## Problem description
Lines from the one with "LGP2 Polyclonal Antibody" up to and including the one with "Journal of the" are to be copied exactly from the records below, without their pictures.

## Provided data

----------

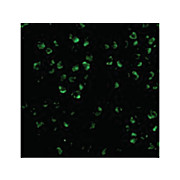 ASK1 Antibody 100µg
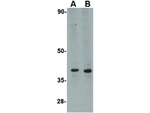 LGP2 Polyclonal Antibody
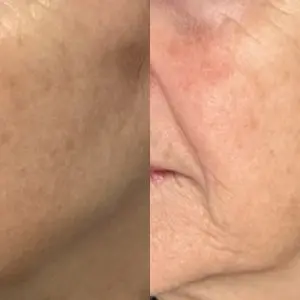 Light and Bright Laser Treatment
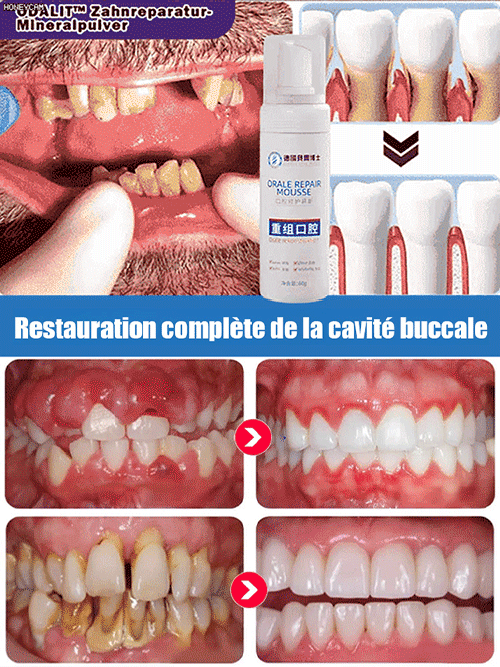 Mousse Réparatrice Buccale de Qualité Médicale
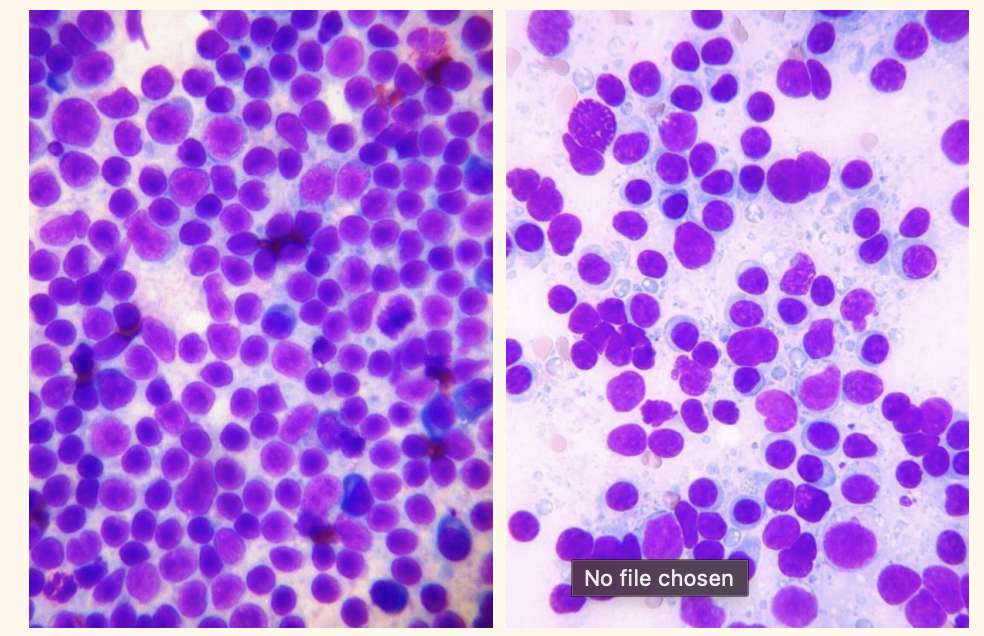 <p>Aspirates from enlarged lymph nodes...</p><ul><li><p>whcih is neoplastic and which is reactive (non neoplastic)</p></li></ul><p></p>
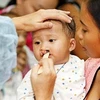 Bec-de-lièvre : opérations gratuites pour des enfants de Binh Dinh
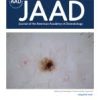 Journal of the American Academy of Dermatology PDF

----------

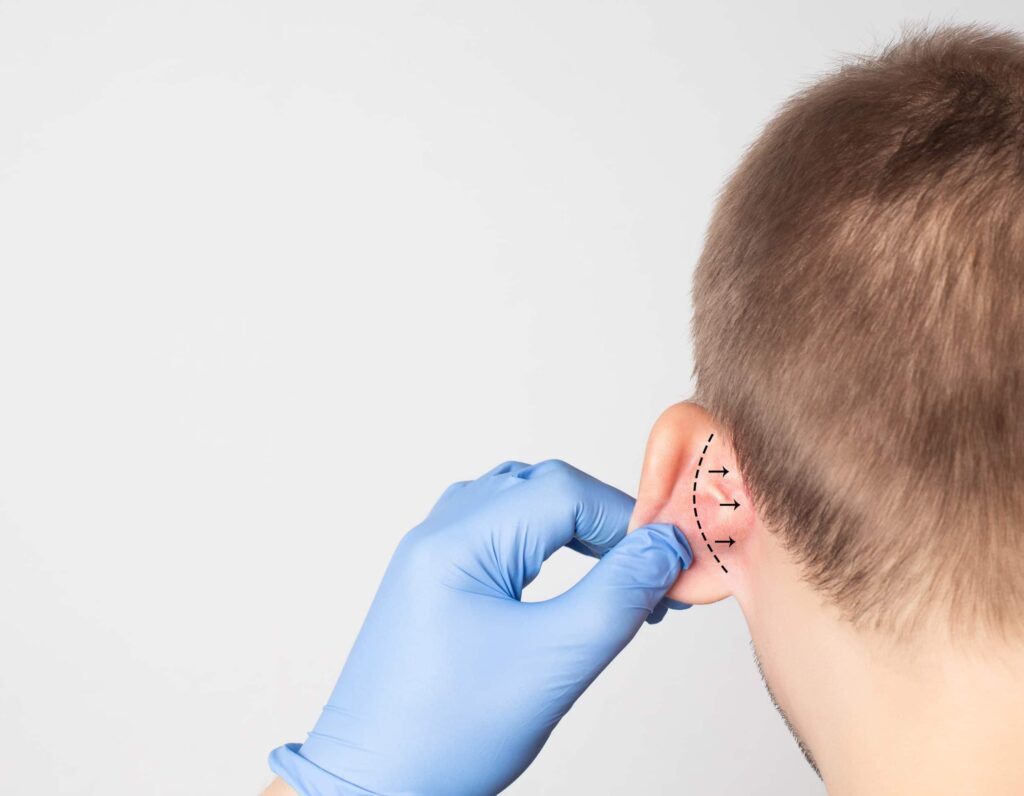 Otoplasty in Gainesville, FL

----------

## Final answer
 LGP2 Polyclonal Antibody
 Light and Bright Laser Treatment
 Mousse Réparatrice Buccale de Qualité Médicale
 <p>Aspirates from enlarged lymph nodes...</p><ul><li><p>whcih is neoplastic and which is reactive (non neoplastic)</p></li></ul><p></p>
 Bec-de-lièvre : opérations gratuites pour des enfants de Binh Dinh
 Journal of the American Academy of Dermatology PDF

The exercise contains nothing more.